#### [DATA EXCERPTS]
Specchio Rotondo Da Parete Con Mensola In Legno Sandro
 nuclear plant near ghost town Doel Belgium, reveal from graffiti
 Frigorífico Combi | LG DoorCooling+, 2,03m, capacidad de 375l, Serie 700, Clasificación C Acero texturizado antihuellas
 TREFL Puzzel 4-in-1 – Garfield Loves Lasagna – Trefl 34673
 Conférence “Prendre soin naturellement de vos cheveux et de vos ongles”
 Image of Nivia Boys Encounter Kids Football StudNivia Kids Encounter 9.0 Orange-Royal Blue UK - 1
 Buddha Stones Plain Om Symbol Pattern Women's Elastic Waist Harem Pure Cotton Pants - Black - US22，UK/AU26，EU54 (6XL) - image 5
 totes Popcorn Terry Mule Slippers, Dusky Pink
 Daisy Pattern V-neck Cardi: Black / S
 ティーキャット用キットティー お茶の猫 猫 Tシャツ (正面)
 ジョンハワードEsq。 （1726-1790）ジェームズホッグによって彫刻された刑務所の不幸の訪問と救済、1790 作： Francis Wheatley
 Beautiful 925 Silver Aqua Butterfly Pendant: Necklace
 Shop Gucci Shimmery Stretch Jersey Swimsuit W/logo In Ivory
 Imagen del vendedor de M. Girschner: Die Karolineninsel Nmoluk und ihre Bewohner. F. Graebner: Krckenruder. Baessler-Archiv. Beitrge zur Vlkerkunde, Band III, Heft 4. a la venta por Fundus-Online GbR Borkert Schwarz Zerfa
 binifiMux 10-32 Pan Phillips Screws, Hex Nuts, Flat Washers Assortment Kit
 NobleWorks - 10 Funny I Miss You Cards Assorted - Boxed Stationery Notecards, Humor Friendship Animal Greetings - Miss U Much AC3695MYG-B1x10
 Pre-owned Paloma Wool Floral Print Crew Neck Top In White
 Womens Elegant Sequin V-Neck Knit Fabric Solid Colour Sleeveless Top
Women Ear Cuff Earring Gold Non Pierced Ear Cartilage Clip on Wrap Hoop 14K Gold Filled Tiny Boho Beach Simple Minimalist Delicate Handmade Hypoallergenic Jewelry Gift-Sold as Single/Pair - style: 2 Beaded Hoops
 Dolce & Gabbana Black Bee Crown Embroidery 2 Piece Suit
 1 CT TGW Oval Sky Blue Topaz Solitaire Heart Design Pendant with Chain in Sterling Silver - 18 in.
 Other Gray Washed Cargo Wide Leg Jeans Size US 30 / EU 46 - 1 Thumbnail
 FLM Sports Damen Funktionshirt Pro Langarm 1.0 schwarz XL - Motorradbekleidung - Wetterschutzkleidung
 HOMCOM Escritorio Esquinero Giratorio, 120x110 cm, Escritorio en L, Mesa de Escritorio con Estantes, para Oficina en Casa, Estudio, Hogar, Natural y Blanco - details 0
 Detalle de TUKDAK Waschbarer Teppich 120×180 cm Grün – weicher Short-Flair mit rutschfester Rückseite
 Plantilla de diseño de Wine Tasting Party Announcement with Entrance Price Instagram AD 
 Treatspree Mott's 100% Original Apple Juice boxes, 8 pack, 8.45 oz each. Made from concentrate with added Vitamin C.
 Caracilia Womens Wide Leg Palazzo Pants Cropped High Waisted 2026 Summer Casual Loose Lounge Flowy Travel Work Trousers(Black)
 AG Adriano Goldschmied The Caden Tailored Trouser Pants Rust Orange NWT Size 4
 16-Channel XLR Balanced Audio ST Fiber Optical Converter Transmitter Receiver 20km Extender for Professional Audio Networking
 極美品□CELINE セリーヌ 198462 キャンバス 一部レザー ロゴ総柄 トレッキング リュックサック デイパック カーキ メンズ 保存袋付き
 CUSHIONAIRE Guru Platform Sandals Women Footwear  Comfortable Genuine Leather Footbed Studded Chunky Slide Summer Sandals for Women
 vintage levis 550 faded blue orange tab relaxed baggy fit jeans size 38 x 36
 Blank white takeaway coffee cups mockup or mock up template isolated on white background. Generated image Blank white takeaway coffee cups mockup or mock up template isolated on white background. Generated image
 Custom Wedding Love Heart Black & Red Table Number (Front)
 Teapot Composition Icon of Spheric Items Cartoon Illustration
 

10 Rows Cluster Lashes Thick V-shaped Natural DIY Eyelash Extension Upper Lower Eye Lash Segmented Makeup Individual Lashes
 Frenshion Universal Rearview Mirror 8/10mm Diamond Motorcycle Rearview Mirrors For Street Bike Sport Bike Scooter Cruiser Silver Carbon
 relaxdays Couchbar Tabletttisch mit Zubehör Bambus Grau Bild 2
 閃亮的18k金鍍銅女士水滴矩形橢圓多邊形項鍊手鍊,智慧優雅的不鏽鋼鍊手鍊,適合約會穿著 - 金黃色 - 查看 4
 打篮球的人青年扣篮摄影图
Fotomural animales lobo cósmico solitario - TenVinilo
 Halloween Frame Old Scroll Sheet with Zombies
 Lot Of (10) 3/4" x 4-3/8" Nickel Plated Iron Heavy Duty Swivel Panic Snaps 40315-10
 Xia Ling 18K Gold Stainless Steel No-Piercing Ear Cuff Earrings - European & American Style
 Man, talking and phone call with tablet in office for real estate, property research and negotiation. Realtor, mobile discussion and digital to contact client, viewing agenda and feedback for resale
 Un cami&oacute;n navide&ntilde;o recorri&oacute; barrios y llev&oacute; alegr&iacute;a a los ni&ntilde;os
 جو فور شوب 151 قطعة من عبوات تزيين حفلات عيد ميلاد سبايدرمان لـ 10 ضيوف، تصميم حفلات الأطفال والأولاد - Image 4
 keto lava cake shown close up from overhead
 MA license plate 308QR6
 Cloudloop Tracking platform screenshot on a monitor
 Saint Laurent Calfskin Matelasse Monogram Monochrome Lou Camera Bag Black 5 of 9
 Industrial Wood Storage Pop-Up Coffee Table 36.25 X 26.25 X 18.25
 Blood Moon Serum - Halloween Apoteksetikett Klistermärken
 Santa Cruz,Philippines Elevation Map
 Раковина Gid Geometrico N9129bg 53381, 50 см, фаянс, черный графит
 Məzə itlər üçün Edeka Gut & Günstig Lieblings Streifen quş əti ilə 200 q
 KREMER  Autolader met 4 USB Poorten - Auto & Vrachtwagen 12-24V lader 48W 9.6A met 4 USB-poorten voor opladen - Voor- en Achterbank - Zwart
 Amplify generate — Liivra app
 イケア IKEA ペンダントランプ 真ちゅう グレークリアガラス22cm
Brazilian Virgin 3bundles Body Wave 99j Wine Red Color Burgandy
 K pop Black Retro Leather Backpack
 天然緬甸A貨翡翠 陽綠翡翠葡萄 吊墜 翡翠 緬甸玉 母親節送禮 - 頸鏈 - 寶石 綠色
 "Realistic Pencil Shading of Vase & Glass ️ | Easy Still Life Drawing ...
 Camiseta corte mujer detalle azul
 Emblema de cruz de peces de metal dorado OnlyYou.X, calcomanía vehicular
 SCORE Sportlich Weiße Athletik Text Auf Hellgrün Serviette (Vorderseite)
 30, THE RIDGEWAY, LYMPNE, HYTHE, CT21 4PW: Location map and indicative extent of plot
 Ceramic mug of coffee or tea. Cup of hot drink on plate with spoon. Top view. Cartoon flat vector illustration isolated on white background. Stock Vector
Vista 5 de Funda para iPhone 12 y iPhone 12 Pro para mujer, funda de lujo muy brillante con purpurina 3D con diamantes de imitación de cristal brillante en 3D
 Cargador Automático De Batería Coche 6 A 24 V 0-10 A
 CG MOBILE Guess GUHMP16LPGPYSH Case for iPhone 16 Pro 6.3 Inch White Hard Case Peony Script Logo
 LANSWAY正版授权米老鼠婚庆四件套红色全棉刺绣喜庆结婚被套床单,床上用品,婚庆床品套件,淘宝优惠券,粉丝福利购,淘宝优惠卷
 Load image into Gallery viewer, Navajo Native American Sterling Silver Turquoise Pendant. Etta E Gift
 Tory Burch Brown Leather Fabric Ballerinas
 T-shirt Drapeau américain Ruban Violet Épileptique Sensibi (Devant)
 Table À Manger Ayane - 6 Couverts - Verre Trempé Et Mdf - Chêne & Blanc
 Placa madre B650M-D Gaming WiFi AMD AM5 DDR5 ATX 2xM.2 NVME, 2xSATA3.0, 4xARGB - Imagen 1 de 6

#### [REQUIREMENT]
Print, from the entries above, the line with "NobleWorks - 10", the line with "Dolce & Gabbana" and all lines between them, exactly and with nothing else.

#### [EXPECTED ANSWER]
 NobleWorks - 10 Funny I Miss You Cards Assorted - Boxed Stationery Notecards, Humor Friendship Animal Greetings - Miss U Much AC3695MYG-B1x10
 Pre-owned Paloma Wool Floral Print Crew Neck Top In White
 Womens Elegant Sequin V-Neck Knit Fabric Solid Colour Sleeveless Top
Women Ear Cuff Earring Gold Non Pierced Ear Cartilage Clip on Wrap Hoop 14K Gold Filled Tiny Boho Beach Simple Minimalist Delicate Handmade Hypoallergenic Jewelry Gift-Sold as Single/Pair - style: 2 Beaded Hoops
 Dolce & Gabbana Black Bee Crown Embroidery 2 Piece Suit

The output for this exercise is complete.